### Exercise instructions
Your reply should be an exact copy of every entry, with the pictures removed.

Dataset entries
● ● ● ● ● ● ●

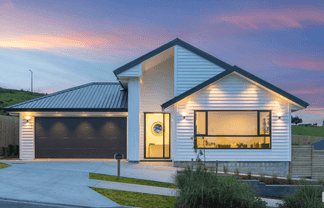 17 Awanui Road, Red Beach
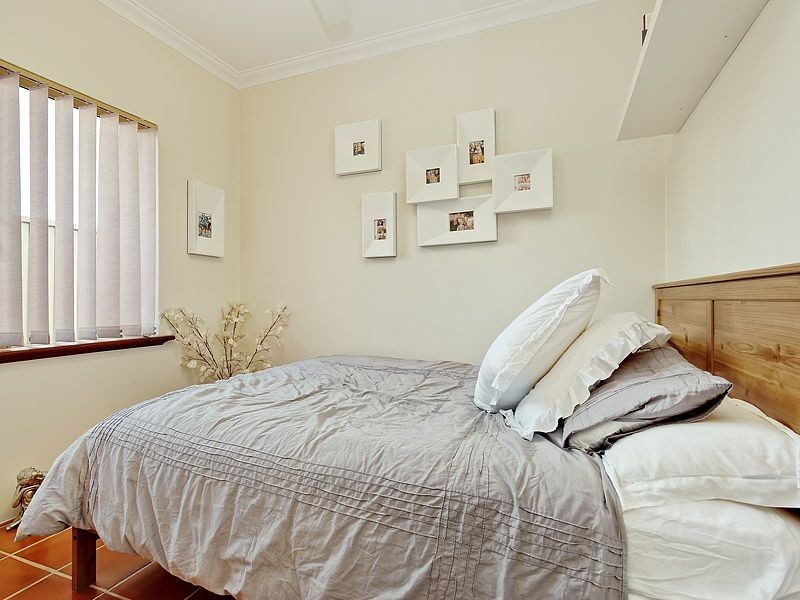 8 Heatherlea Parkway, Leeming WA 6149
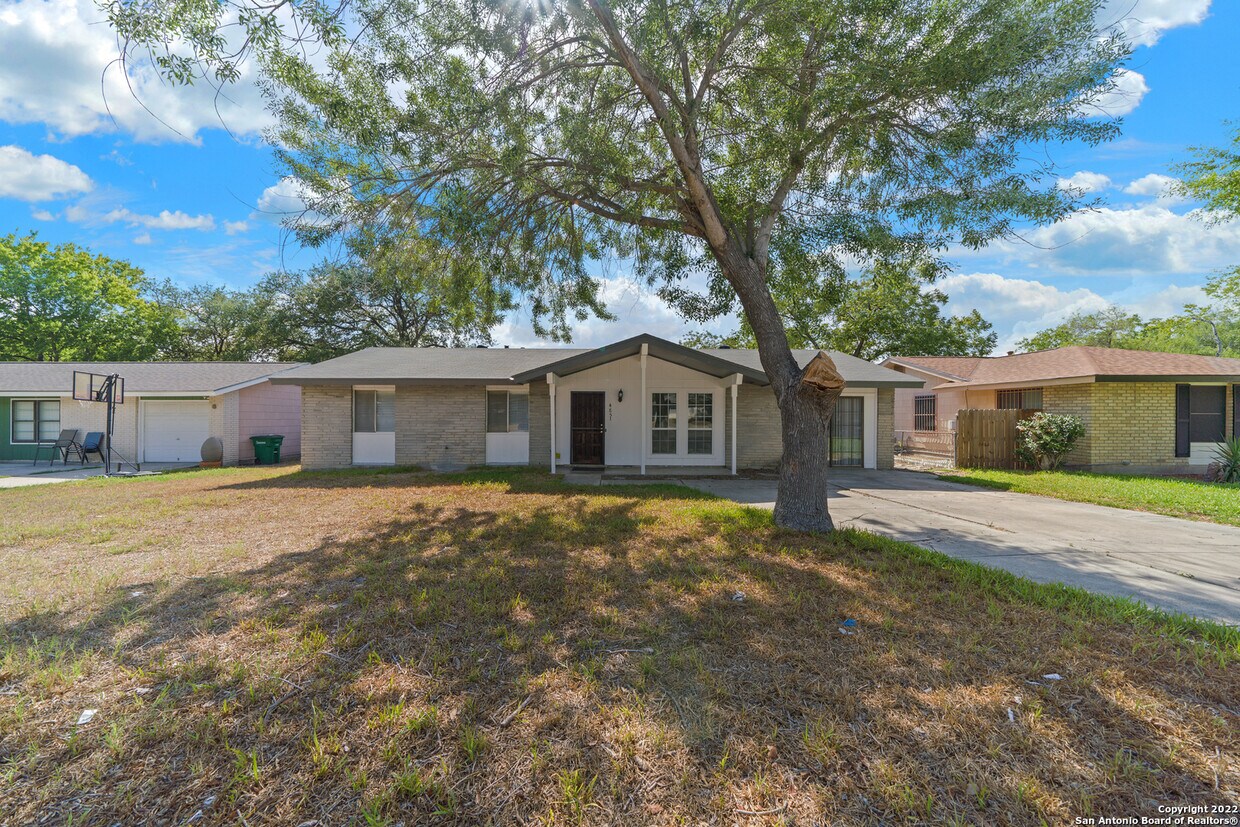 Foto principal - 4851 Castle Arms Dr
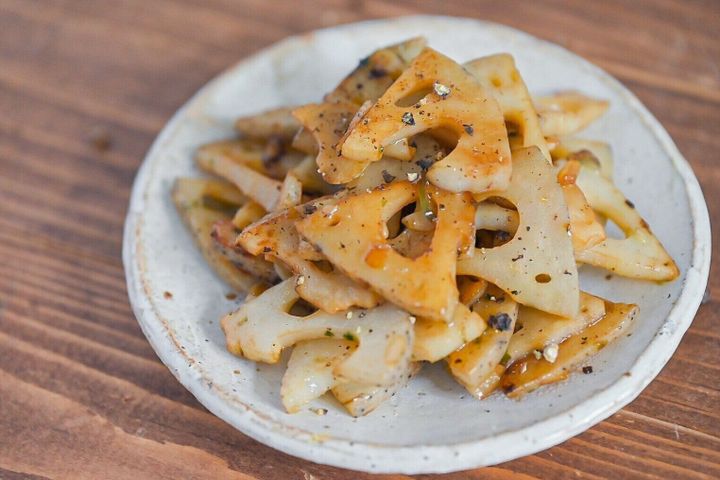 陶器の皿に盛られたれんこん炒め
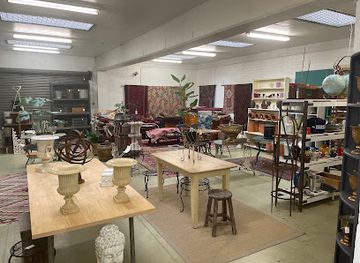 australia/mount-field-national-park/shop/ring-road-antique-centre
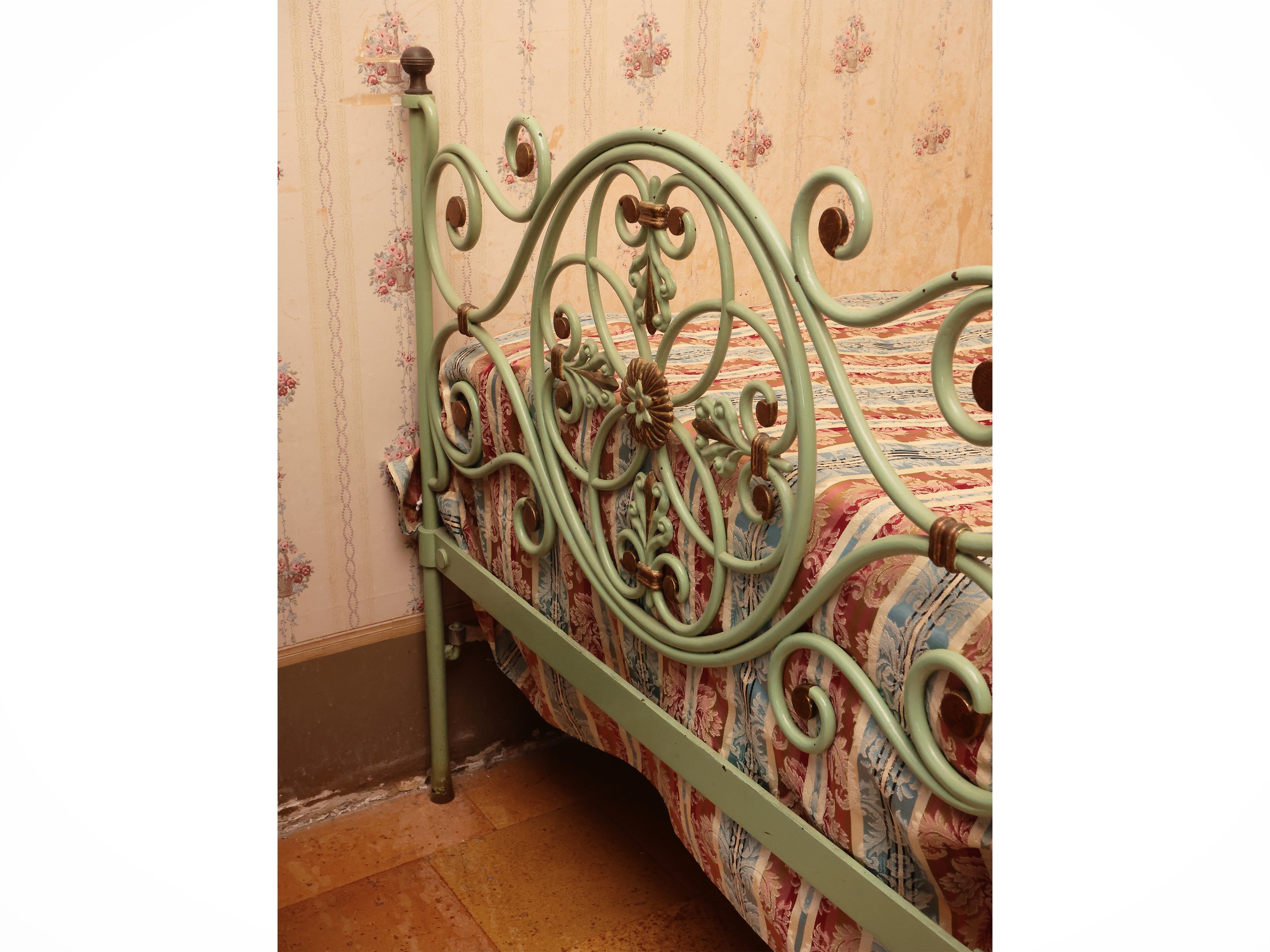 Letto Singolo in Ferro Battuto Tinto Verde Acqua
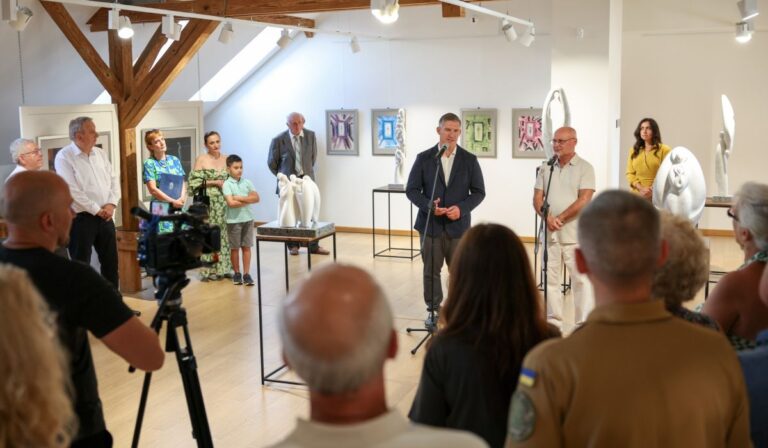 Matl Péter 65 – jubileumi tárlat Munkácson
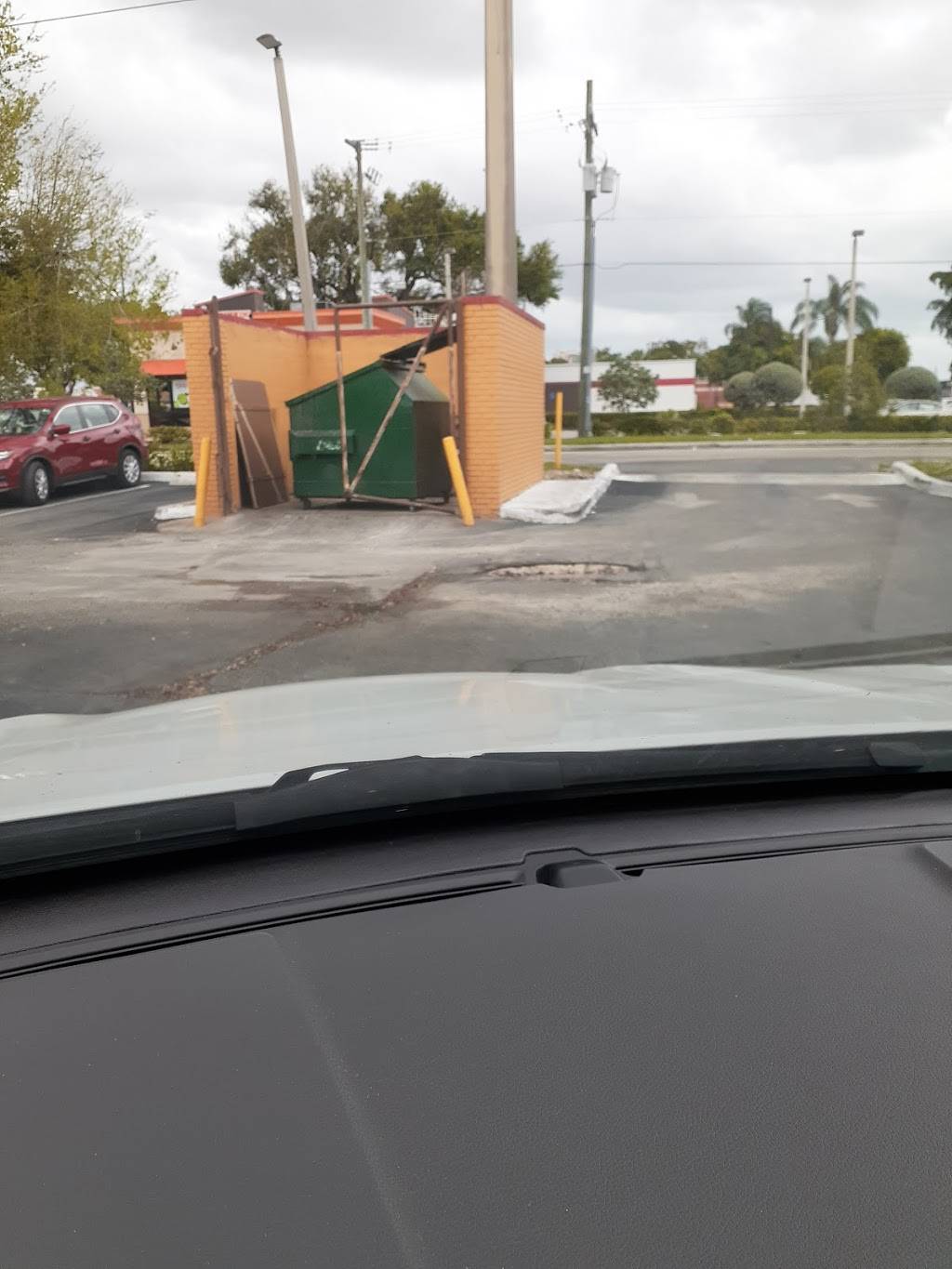 Popeyes Louisiana Kitchen | restaurant | 6800 SW 8th St, Miami, FL 33144, USA | 7865775449 OR +1 786-577-5449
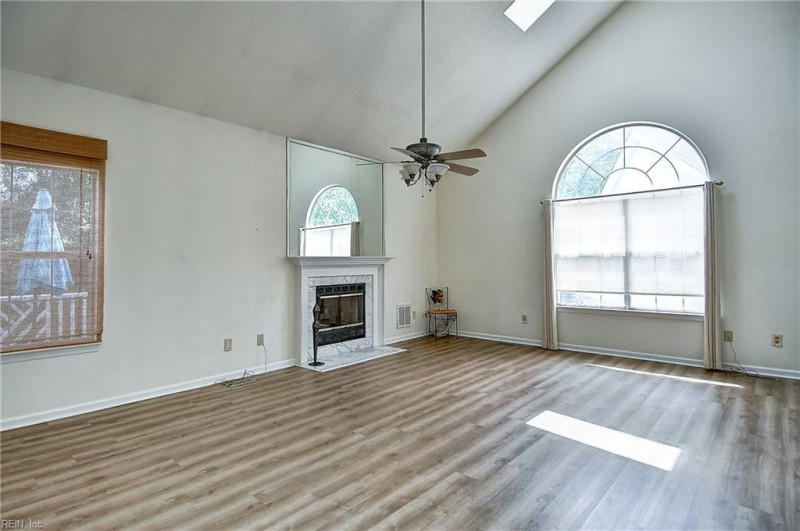 Photo 8 of 50 residential for sale in Chesapeake virginia Photo 8 of 50 residential for sale in Chesapeake virginia
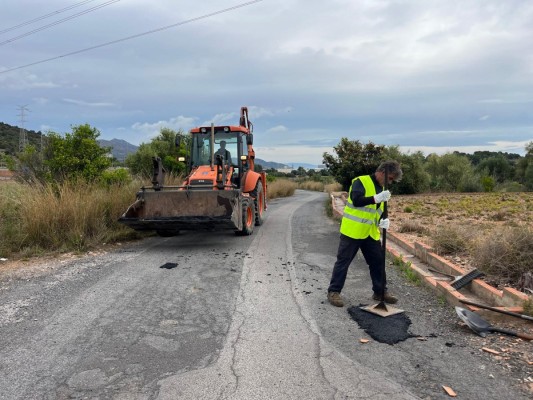 El Ayuntamiento de la Vall d’Uixó adelanta la campaña de bacheo de los caminos rurales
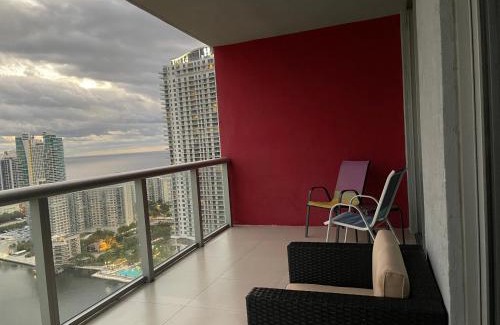 Hallandale Beach Apartamento | Stunning Penthouse Suite Waterfront 2BD 2BA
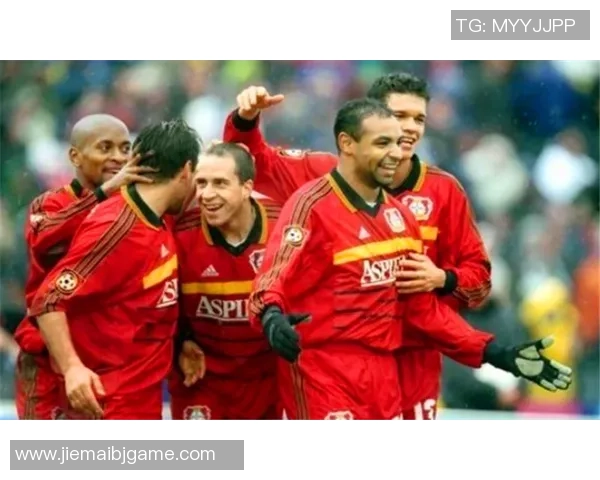 拜仁慕尼黑球星云集阵容揭秘巨星光环下的豪华球队阵容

● ● ● ● ● ● ●

### Output for this exercise
 17 Awanui Road, Red Beach
 8 Heatherlea Parkway, Leeming WA 6149
 Foto principal - 4851 Castle Arms Dr
 陶器の皿に盛られたれんこん炒め
 australia/mount-field-national-park/shop/ring-road-antique-centre
 Letto Singolo in Ferro Battuto Tinto Verde Acqua
 Matl Péter 65 – jubileumi tárlat Munkácson
 Popeyes Louisiana Kitchen | restaurant | 6800 SW 8th St, Miami, FL 33144, USA | 7865775449 OR +1 786-577-5449
 Photo 8 of 50 residential for sale in Chesapeake virginia Photo 8 of 50 residential for sale in Chesapeake virginia
 El Ayuntamiento de la Vall d’Uixó adelanta la campaña de bacheo de los caminos rurales
 Hallandale Beach Apartamento | Stunning Penthouse Suite Waterfront 2BD 2BA
 拜仁慕尼黑球星云集阵容揭秘巨星光环下的豪华球队阵容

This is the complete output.